We suggest that the specification
of these requirements and wishes are given up-front. Since many of the
needs would fall into clear categories this entry process could be performed
by a simple form, or by a wizard. Here the users could indicate
places that they wanted to see, for example by checking out the various
locations. To simplify, the system should also be able to group locations,
such as major cities, historic sites and resort locations. In
addition, or as an alternative, the users can select what they are interested
in seeing or doing from an alternative list. Here a user may check out
“theaters” and “art exhibitions,” while another is interested
in “swimming” and “scuba diving”.
Some of the current Web interfaces
allow for some flexibility with regard to dates, for example with the
possibility of trying the week ahead or the week after. Ideally the
user should be able to specify any possible pattern. In the interface
this can be specified by indicating interesting dates in a calendar,
by specifying an interval of interests (from-to, or next 3 months) and
by setting departure and return days, as we discussed above.

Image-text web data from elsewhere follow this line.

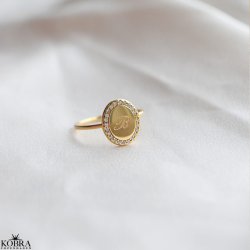 "Dazzling" 18k forgyldt ring med hvide sten og personlig gravering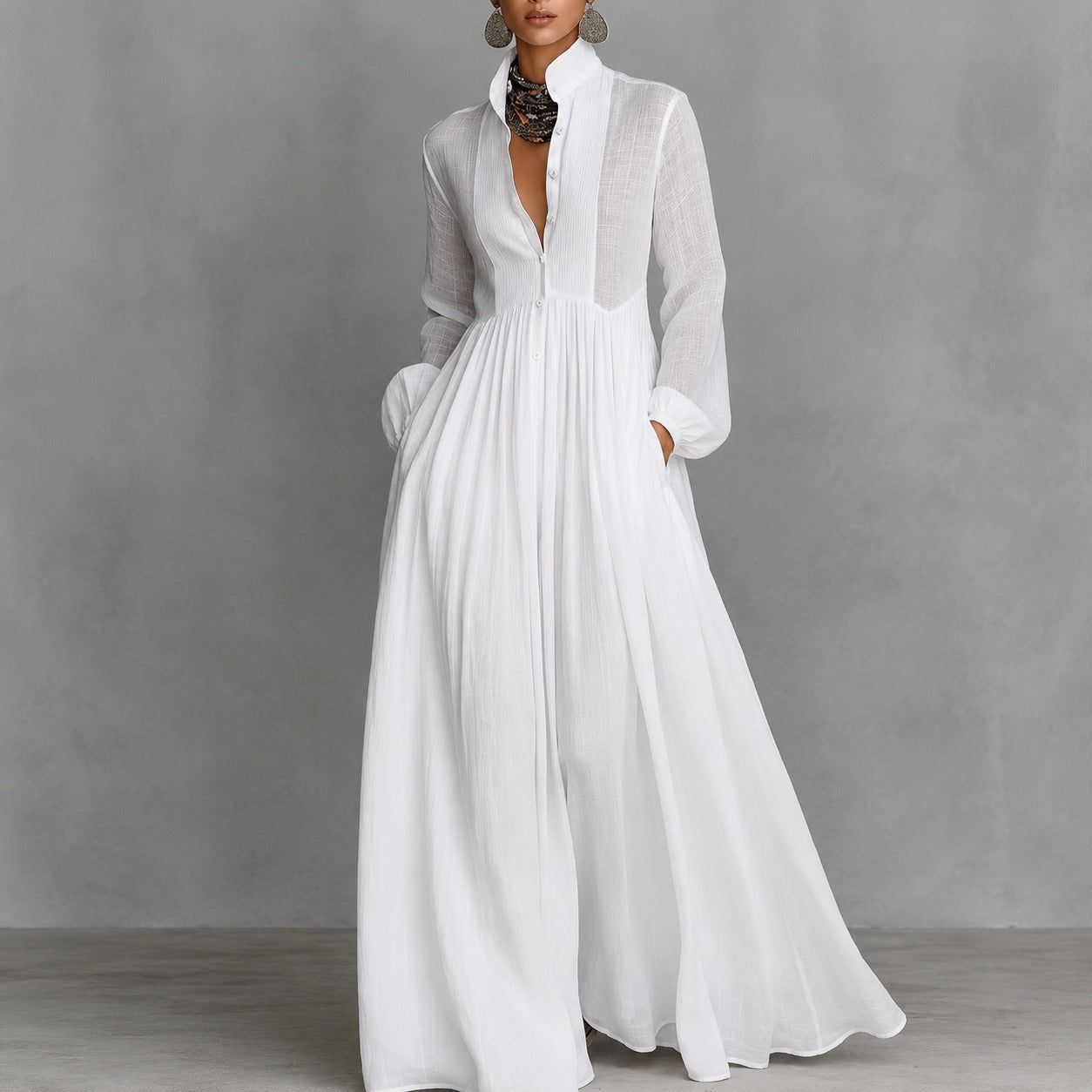 Vestido Loreta™ com Textura Plissada, Gola Alta e Saia Fluida / Silhueta Alongada Com Leveza e Elegância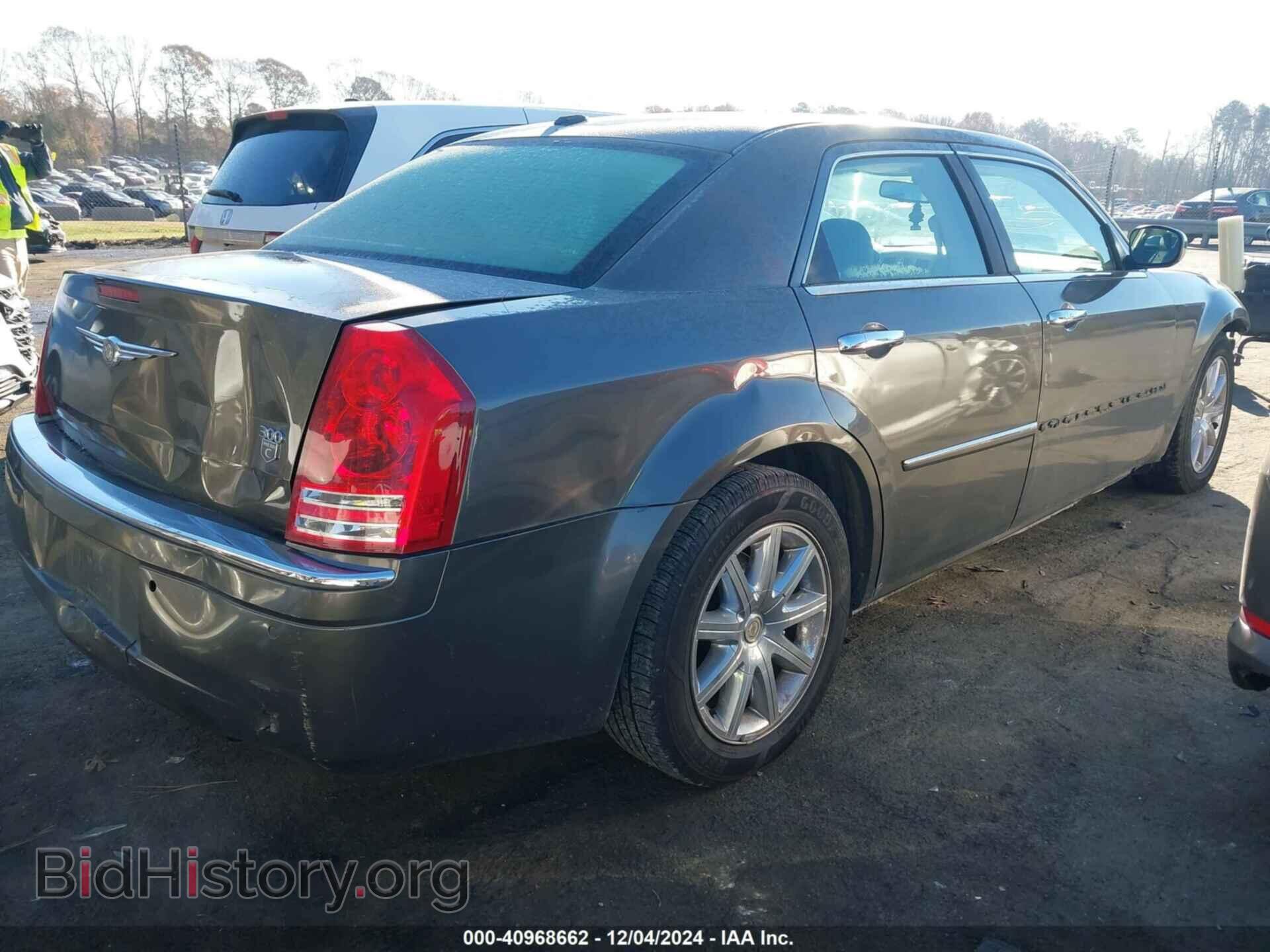 2010 CHRYSLER 300C - VIN: 2C3CA6CT4AH114183 - Фото 4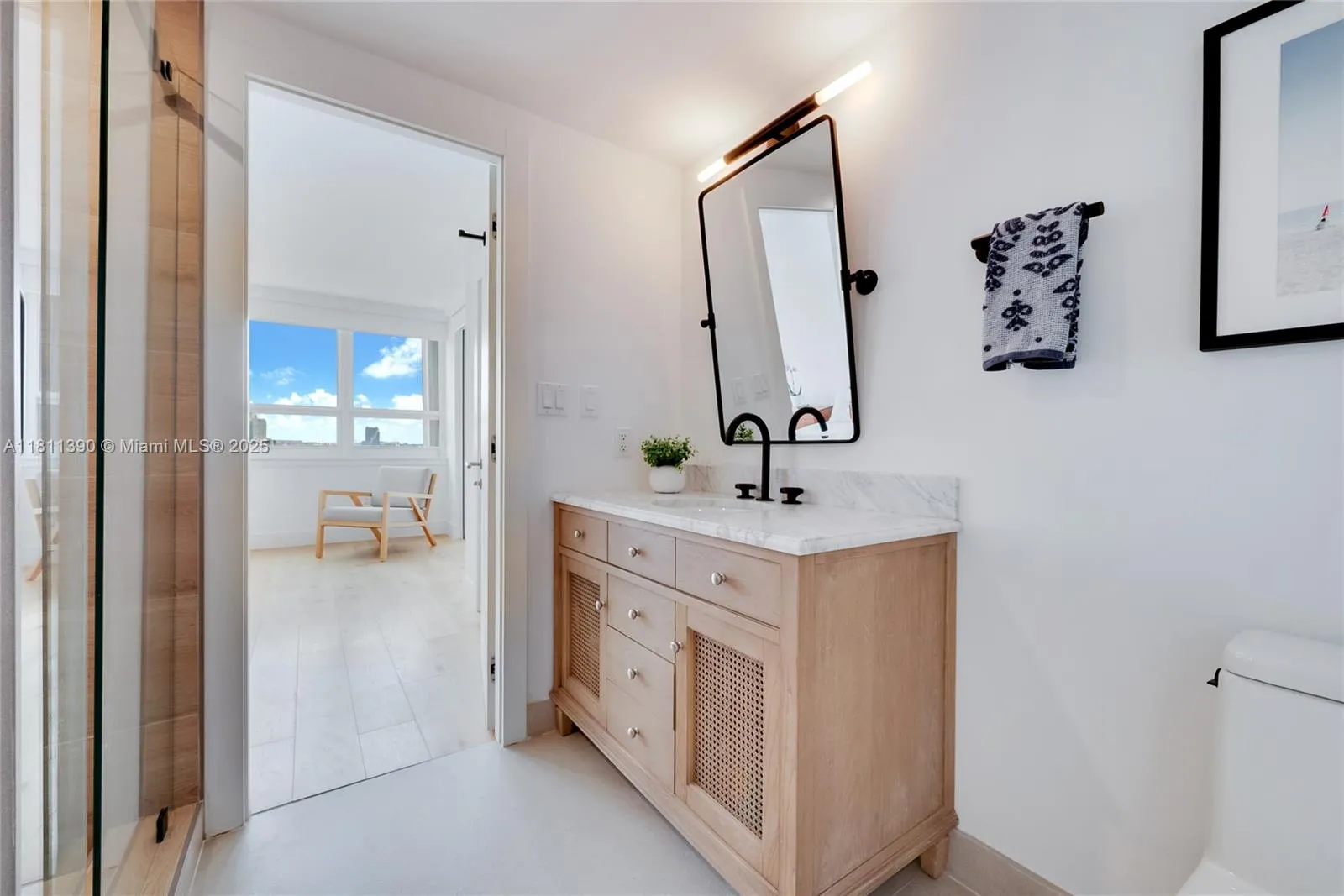 at 2 Grove Isle Dr, Miami, FL 33133 Unit For Sale 2 Bedrooms 2 Bathrooms MLS# A11811390 Price $1,515,000 1642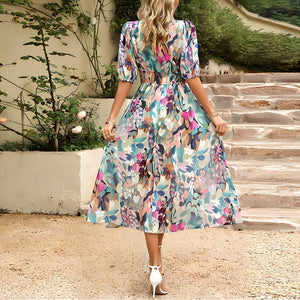Sommerliches Kleid mit floralem Muster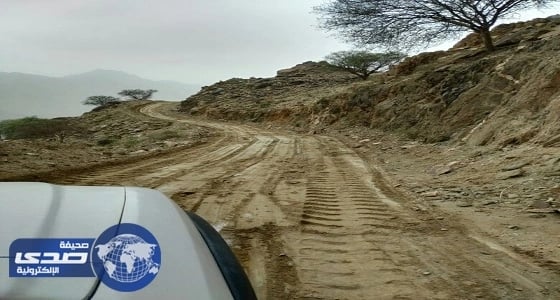 بالصور.. فتح طرق الداير والريث بعد إزالة أثار الأمطار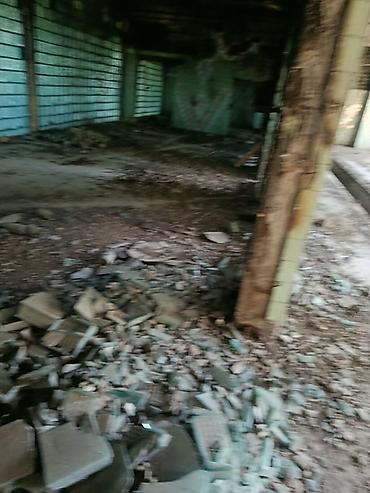 участок с: Здание, 3000 м² — 4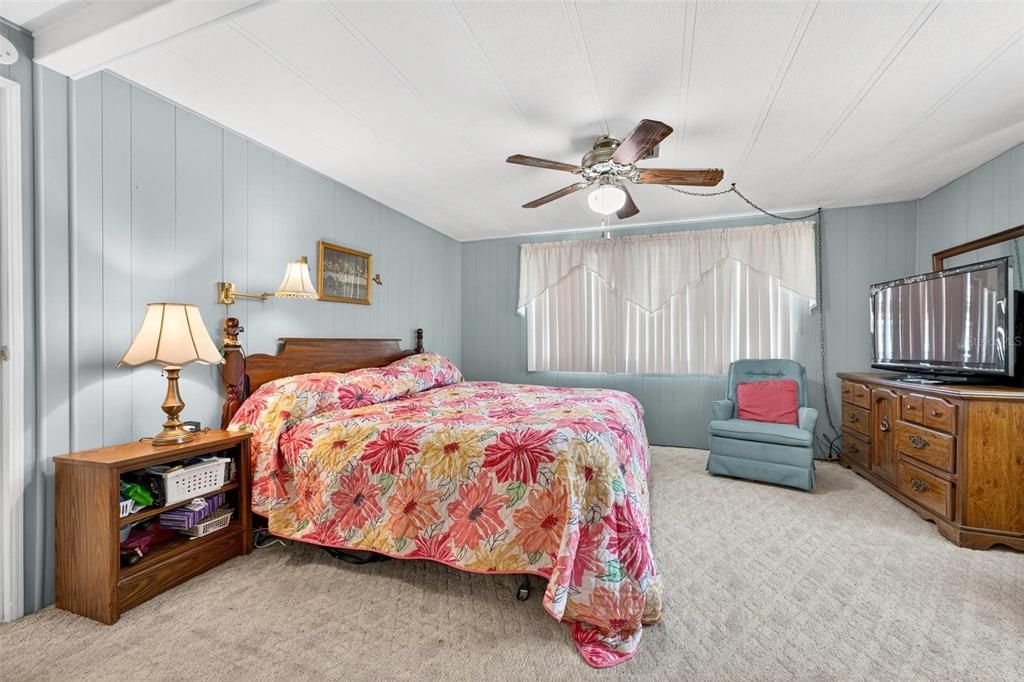 For Sale: $139,900 (3 beds, 2 baths, 1152 Square Feet)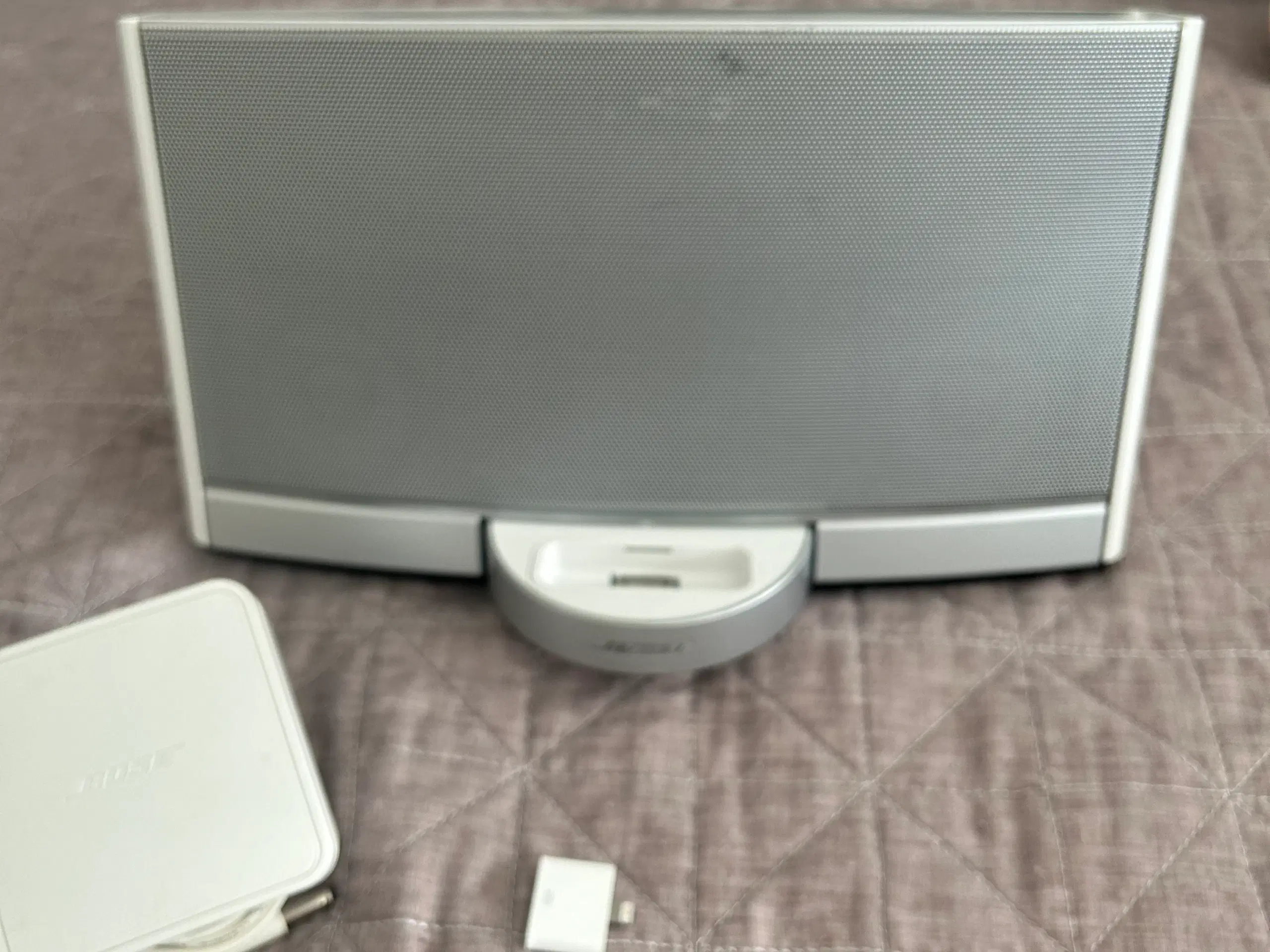 Bose Sounddock portable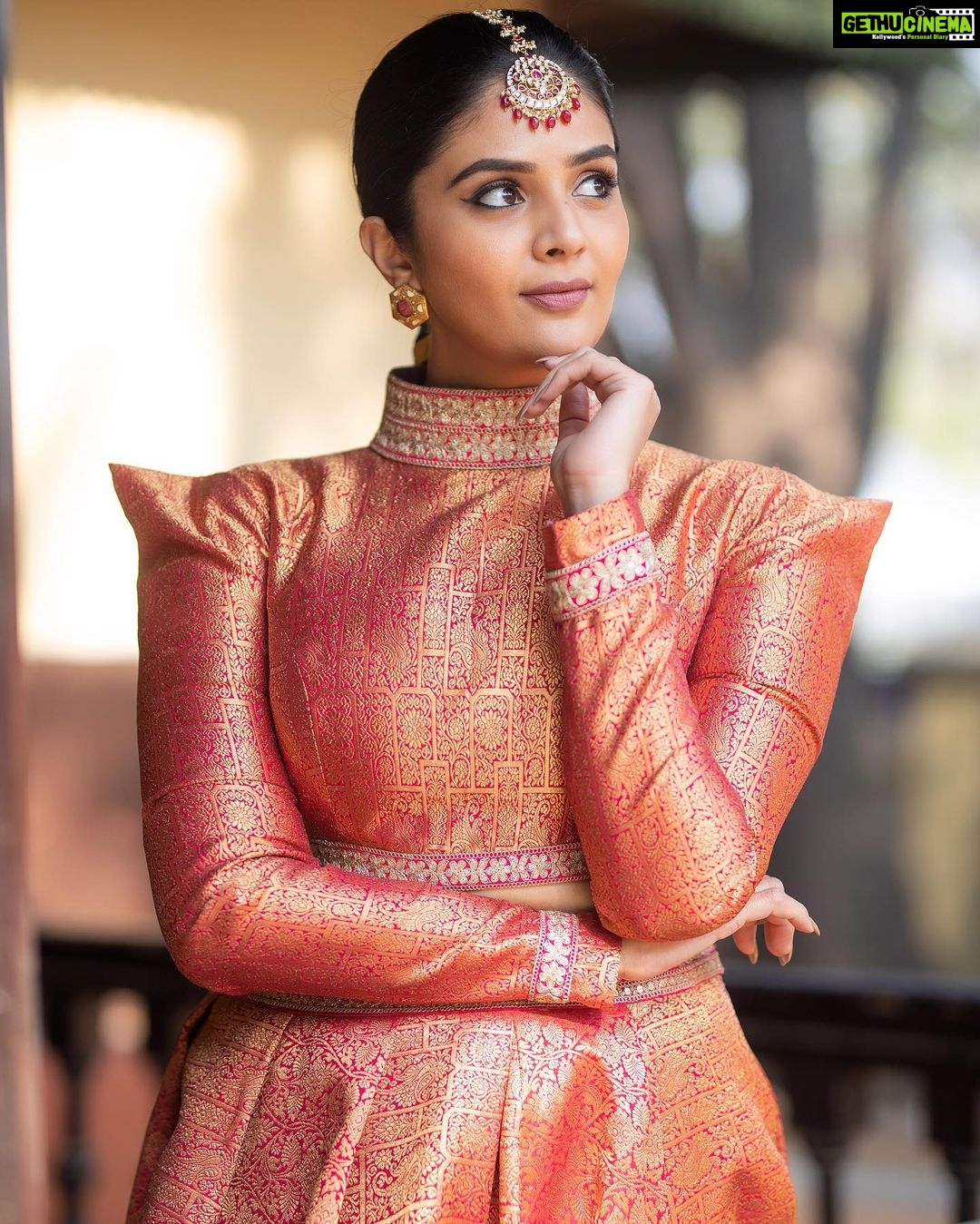 Sreemukhi Instagram - Aadivaaram with star maa parivaaram! ✨ On @starmaa every Sunday at 11 am! ✨ Styled by @greeshma_krishna.k Outfit @gummadidalashashi.label Accessories @houseofqc PC @chinthuu_klicks Make up @nookesh.malla Hair @mahi_brand_ #sreemukhi #starmaa #aadivaaramwithstarmaaparivaaram #styledbygkk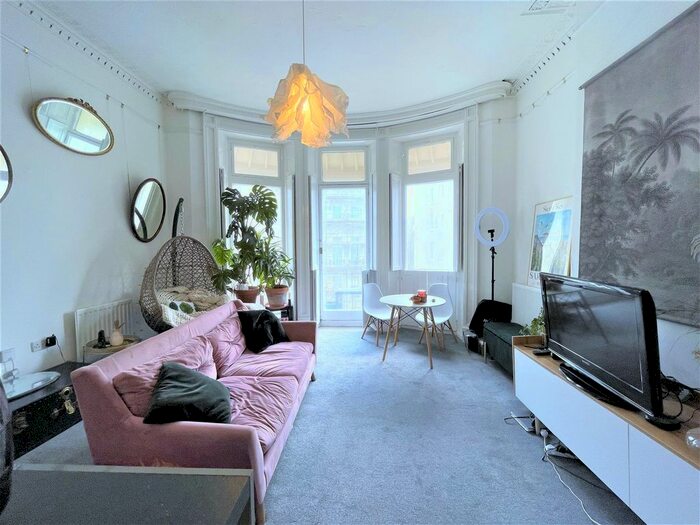 2 Bedroom Flat To Rent In Lansdowne Place, Hove, BN3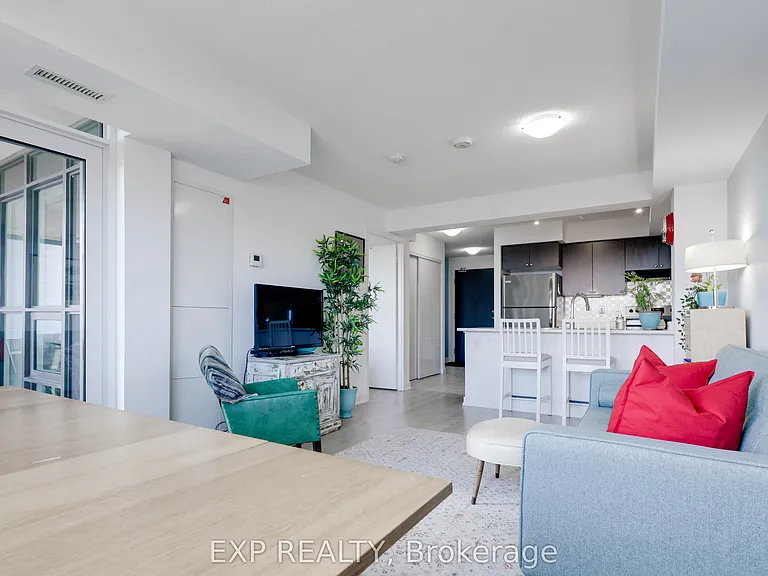 8 Trent Ave #410 — Photo 4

By filling out such a form
or running through a wizard we try to simulate the conversation that
goes on between the customer and the human travel agent. That is, the
phase where the agent tries to get an idea of what the customers interests
really are. As we have seen, this can imply that the agent offers different
alternatives to what the user had initially thought of (e.g., Washington
DC as an alternative to New York). This is, of course, more difficult
to do in the more formal setting of a computer system. But this can
be partially implemented by letting the user distinguish between requirements
and wishes. For example, the user may offer departure, arrival date
and a major city in Europe as requirements, but that the specification
of London is only a wish. That is, the user may accept other destinations
than London as long as the requirements are followed.
Getting the overall picture
An important task for all information
systems, for example the Execute Information Systems (EIS) used by many
companies, is to offer an overview of the data in the system. This overview
may be presented as graphical trend charts, reports, statistics, tables
or as status data. With more and more data gathered electronically these
systems can offer more reliable and more updated information. For example,
with IT systems at the gate and electronic tickets the number of passengers
on each flight, who they are and what they have paid will be known by
the airline’s EIS system before the plane leaves the ground. This
gives important data back to the executives, to the marketing department,
and to flight planners. Similar, the executives of the online bookstore,
auction site, music store, etc. will enjoy a similar feeling of being
up-to-date —
to have the background information they need in order to make decisions.
A customer going to a Web site
does not need as much information as the travel agency or the airline
executives. However, the Web system should be available to give statistical
information on:
availability
prices
departure and arrival
times
based on the requirements and
wishes that the user provided in the initial phase.
The important factor here is
to give users and overview with a minimum of effort on their side. As
we see, by allowing some flexibility in the input data the Web system
should be able to give the overall picture. Based on this the users
can go on to a more detailed booking process or use their flexibility
to look for other destinations, dates, etc. if the offers did not suit
their needs. Of course, this overall picture can also be created by
using today’s systems, but then the information has to be gathered
piece by piece and put together by the customers themselves. This is
a time consuming and quite unnecessary process.
What we propose here is an
information system that can provide the user with all the necessary
data, just by a button click after the initial data has been provided.
Implementation
There are several methods that
can be used to let the system retrieve the data needed to give the user
this overall picture:
Extensive online
searching.
Statistics
Reports based on
historical data
Each method offers different
levels of information quality and set different requirements with regard
to the resources that are needed to perform the operations. We shall
give a brief discussion of each method below.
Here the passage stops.